Task description:
An exact copy of the lines of the listing below between the "Let me know" line and the "So there we" line, both included, is the whole answer; please omit the pictures.

Material for this task:

+--

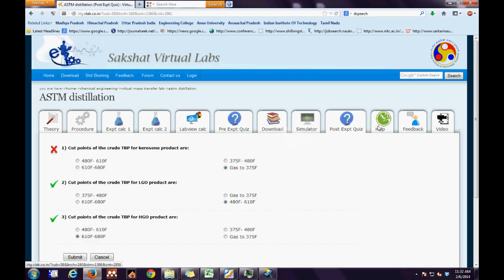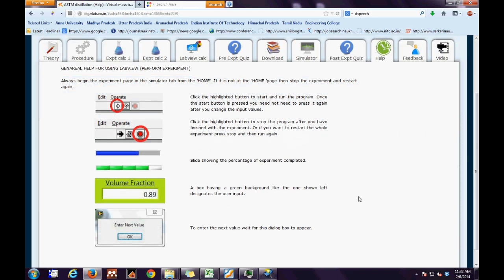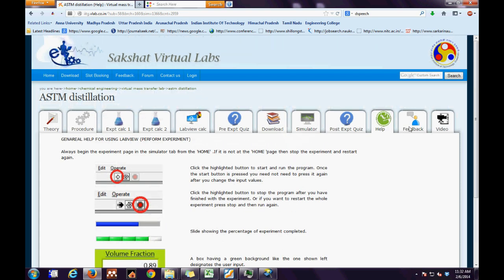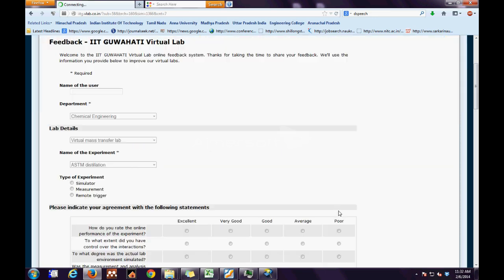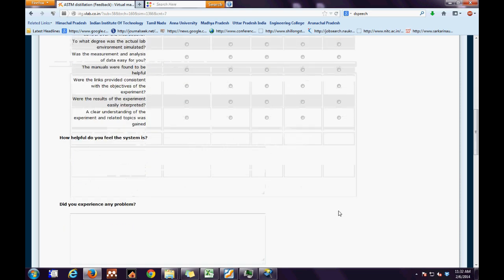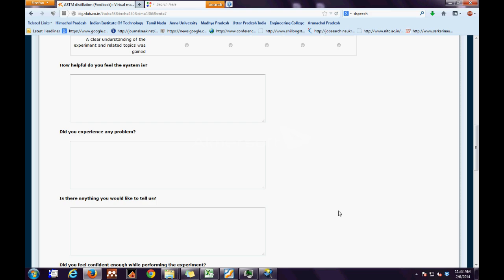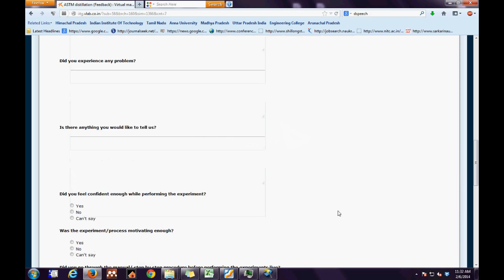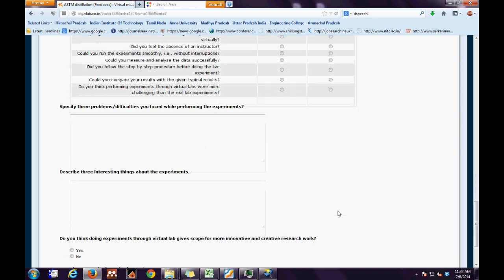The next is the help file, which gives us some simple instructions as to how to operate the simulator. Next is the feedback tab. This tab enables the user to share his or her experience, both good and bad, with the developer. All the user has to do is answer all the questions and then press the submit button at the end of the page.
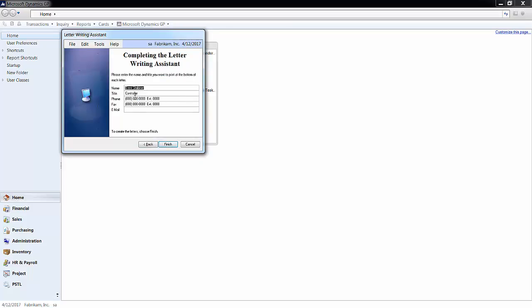Lastly, include the information you want to include in the signature at the bottom. I have my name and my title. When you are done, click finish.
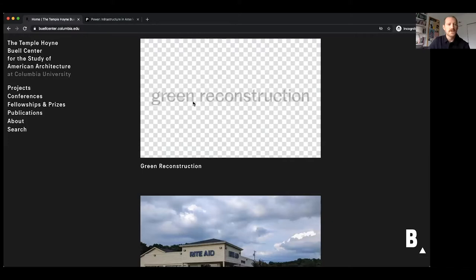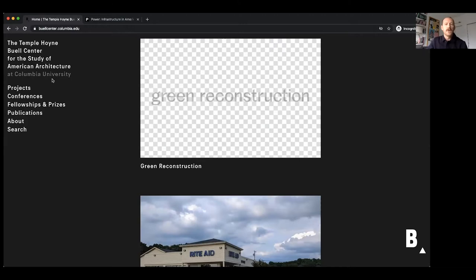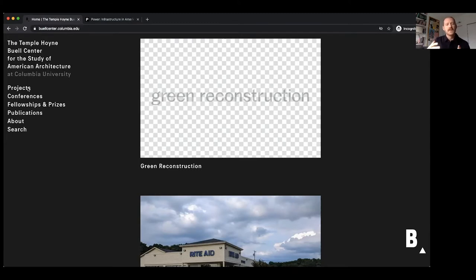I'm going to share my screen and tour you around a little bit. This is our main website — buellcenter.columbia.edu — which gives a very zoomed-back sense of some of the kinds of things we do: conferences, prizes, publications, etc. But the bulk of our work is long-term research projects that interact with the curriculum and various programs at the architecture school. We're also a bridge between the school and the rest of the university, between the university and the profession — a lot of inside-outside activity.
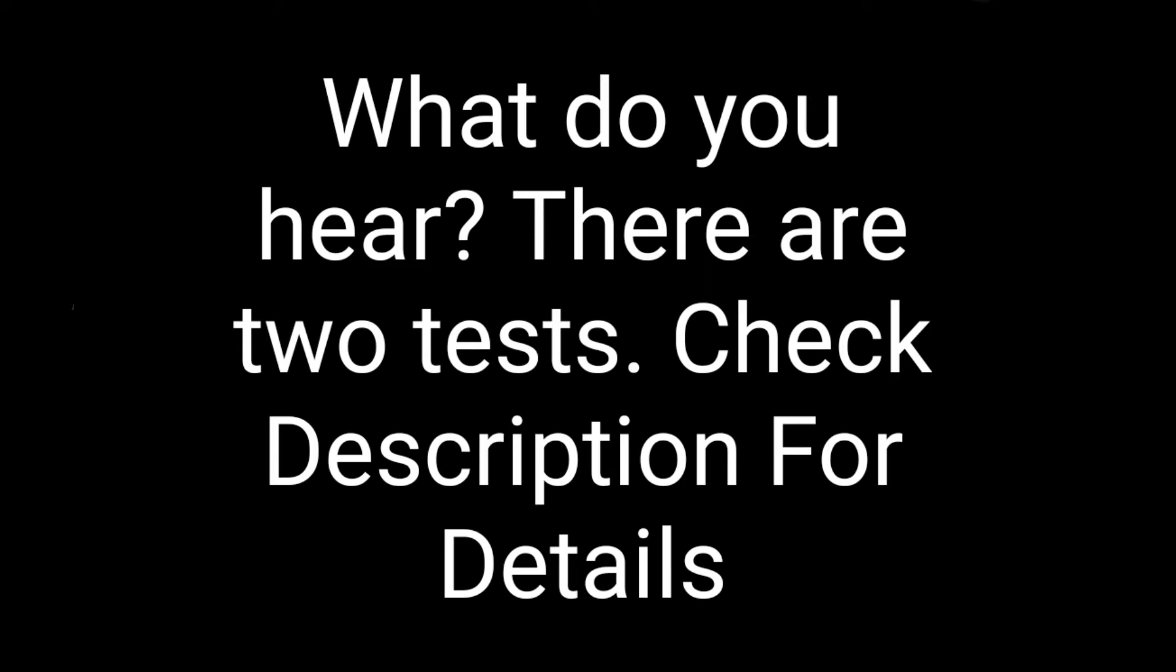Let me know what you hear. Really? Okay, so most people hear the word Laurel.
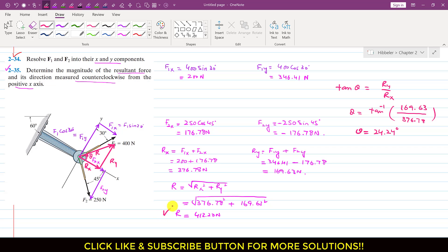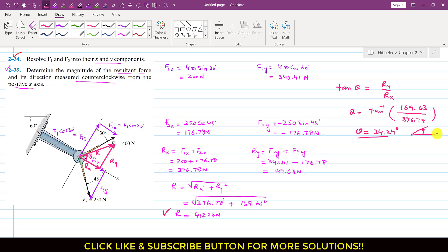So this is the resultant magnitude, and this is the angle of the resultant with the positive x-axis. This angle is measured in the counterclockwise direction. So this is the solution of this particular problem.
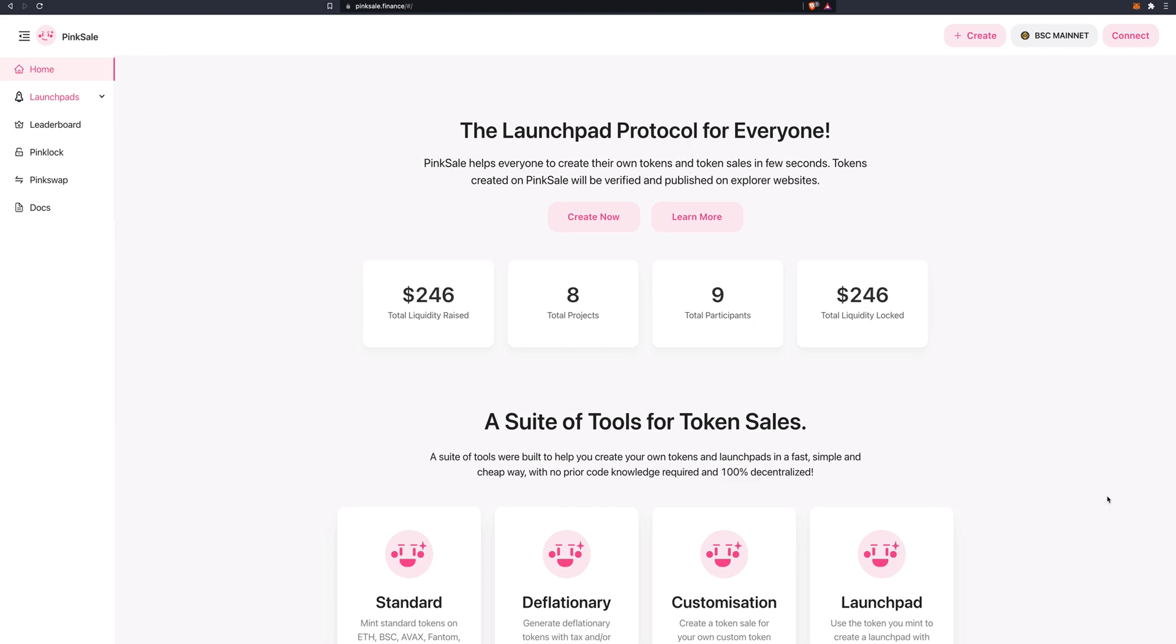Hello everyone and welcome again to one of our tutorials. Today we're going to have a look at how to create a token on PingCell. The steps are very simple and it's a very quick process. So let's see how we can do that.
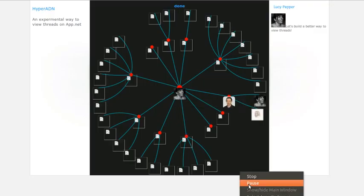So there we go. That's a HyperTree conversation viewer for app.net. I'll be releasing the source code very soon.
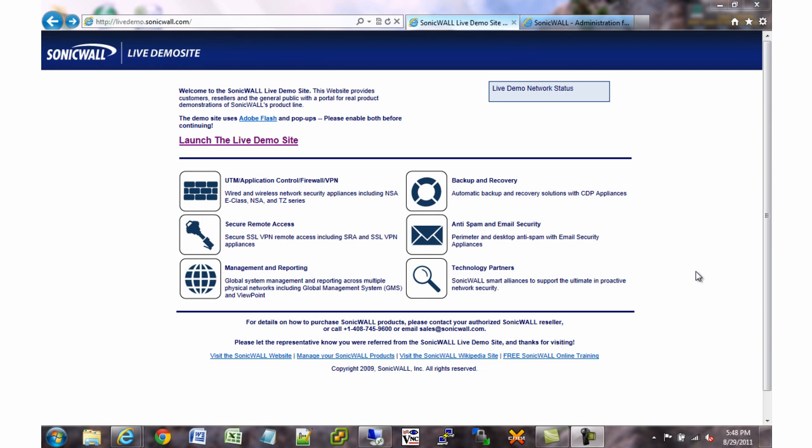Hello and welcome to ShrikeCast. Today's topic is how to set up a SonicWall Firewall device from scratch as if you pulled it right out of a box from the factory.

+--

Task response:
Let me know what you hear. Really? Okay, so most people hear the word Laurel.
So this is the resultant magnitude, and this is the angle of the resultant with the positive x-axis. This angle is measured in the counterclockwise direction. So this is the solution of this particular problem.
Hello everyone and welcome again to one of our tutorials. Today we're going to have a look at how to create a token on PingCell. The steps are very simple and it's a very quick process. So let's see how we can do that.
So there we go. That's a HyperTree conversation viewer for app.net. I'll be releasing the source code very soon.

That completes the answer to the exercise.